Lentamente Cláudio vai recobrando a consciência. Mãos experientes tentam reanima-lo. Olha em volta em busca do anjo, mas só vê a equipe de branco a lhe colocar uma máscara de oxigênio. Apesar de aturdido, não tem dúvidas de com quem esteve naqueles momentos de inconsciência e do que presenciou. Até que alguém, certamente vendo que é um garoto, lhe indaga onde estão seus pais. Cláudio revira os olhos como a buscar a resposta. Não sabe por que, mas percebe que pela primeira vez não está triste com a pergunta. Dá um suspiro e informa:

- Estão viajando, moço. Uma viagem muito longa. Não sei se vou encontrá-los mais. 


O Menino da Porteira



Ana Luiza Tonietto Lovato

Aprendi de pequeno. Pra salgar boca de homem, só a carne do charque. E é no fundo do pensamento que tenho marcado, a ferro e fogo,  o último dia em que cogitei derramar uma lágrima. O pai me olhando, parado qual estaca, querendo ver se eu chorava. Os parentes ao redor, o caixão em cima da mesa da cozinha. As flores que cobriam parte do corpo eram as que ela mesma plantava na frente da casa. Eu queria chorar, claro que queria, mas era certo o tapa na orelha se não provasse que já era macho. No dia seguinte era meu aniversário. Sete anos. Não teve a benção da mãe. Só teve ela deixando o vazio por tudo,  fazendo do pai uma carranca só. Nem mesmo o choro dos irmãos pequenos, nem mesmo isso, se ouviu naquele dia.

Depois, viver na estrada foi a minha escolha, a poeira do chão grudada na pele. Peleando assim, levando a boiada,   conheci o menino. Avistava ele de longe, sempre com a porteira aberta, me esperando. Era o gado passar para ele me pedir: toque o berrante, seu moço. Gostava de ficar ouvindo,  a inocência guardada no espelho do olho. A inocência que ainda não sabia de quanta dureza pode ser feita a vida. E ele era o contentamento que ia comigo, fazendo da voz do berrante a música a me acompanhar.   Mas de tudo naquele menino, o que eu levava calado aqui dentro era o  Deus vá lhe acompanhando, dito sempre em despedida.  Ele podia ser o filho que eu não tive, ou que se tive o mundo não me mostrou. Palavra de criança é palavra verdadeira.

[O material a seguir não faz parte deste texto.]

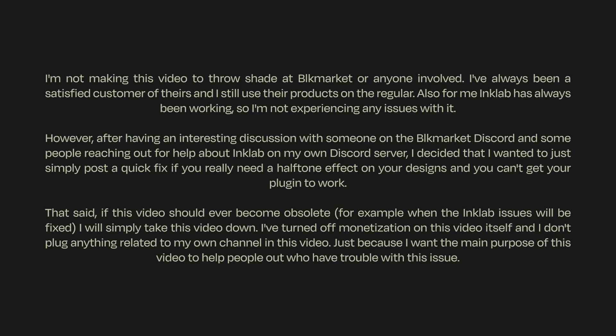Hi guys, Tom here from Dreadlabs with a different kind of video. It will still be a tutorial, but the reason you clicked on this video is probably because of Inklab.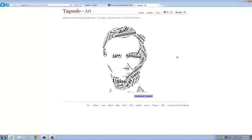So, that's Tagxedo. I hope you guys find this useful as you continue to work on your media projects. And that's it for now. Thank you.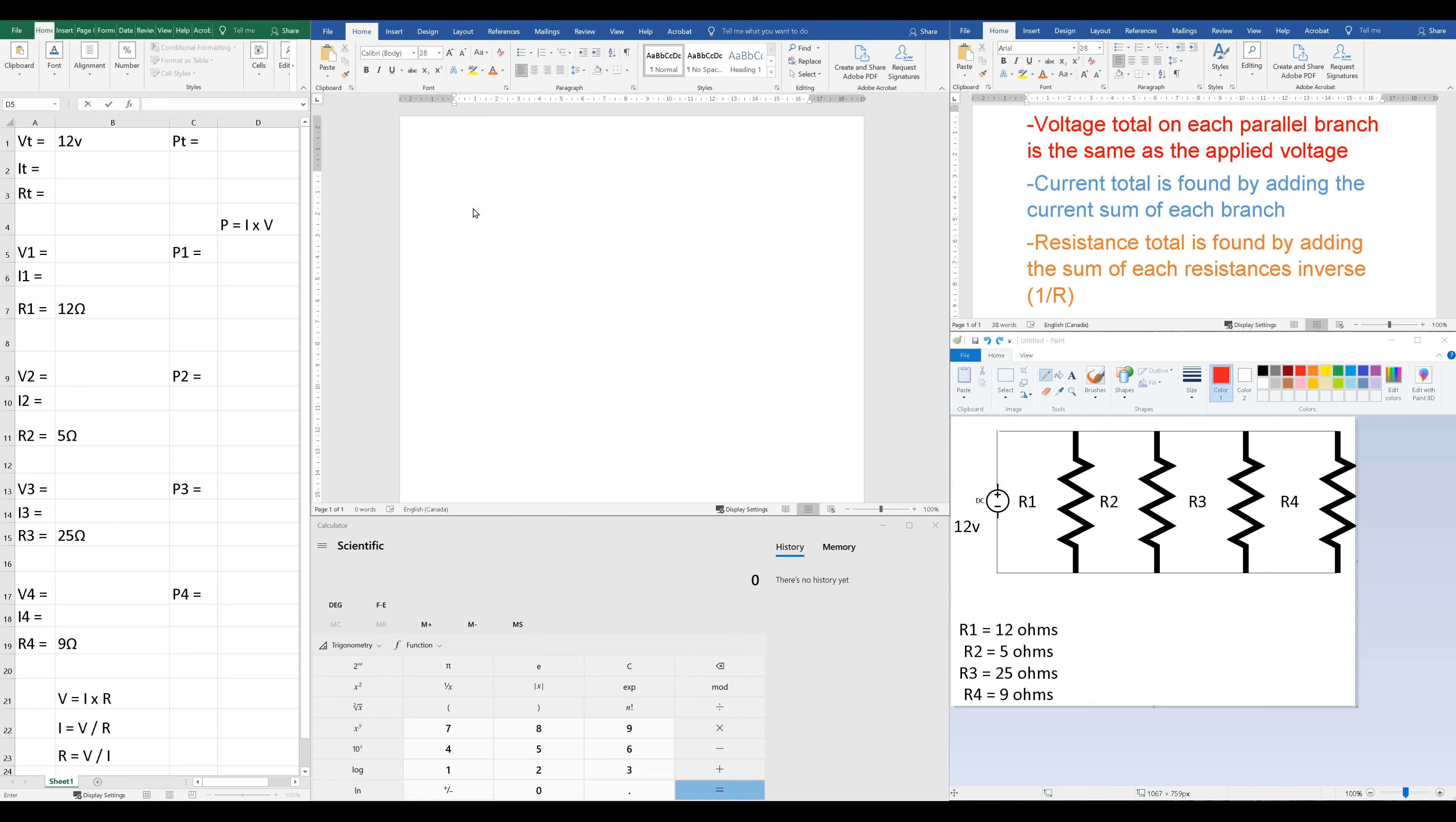Good day, YouTubers. Welcome back to another video with the Electrical Guide. Today, I want to show you how to calculate a simple parallel circuit.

Foi numa viagem de volta que eu vi a porteira fechada pela primeira vez.  O couro do coração me laceou o peito antes que eu apeasse do cavalo. No ranchinho logo ali, uma mulher chorou mais forte quando me avistou,  chicoteada pela dor do que ia me contar.

Mirando pra onde ela apontava, enxerguei uma pequena cruz no estradão. Chegou tarde boiadeiro, foi um boi quem levou meu menino.

Minha  pele rasgou com a secura das minhas lágrimas e,  desde aquele dia, pra onde quer que eu olhe,  vejo o menino  que não vou encontrar outra vez.  É imagem que silencia.  Naquele pedaço de chão, o meu berrante eu não toco mais.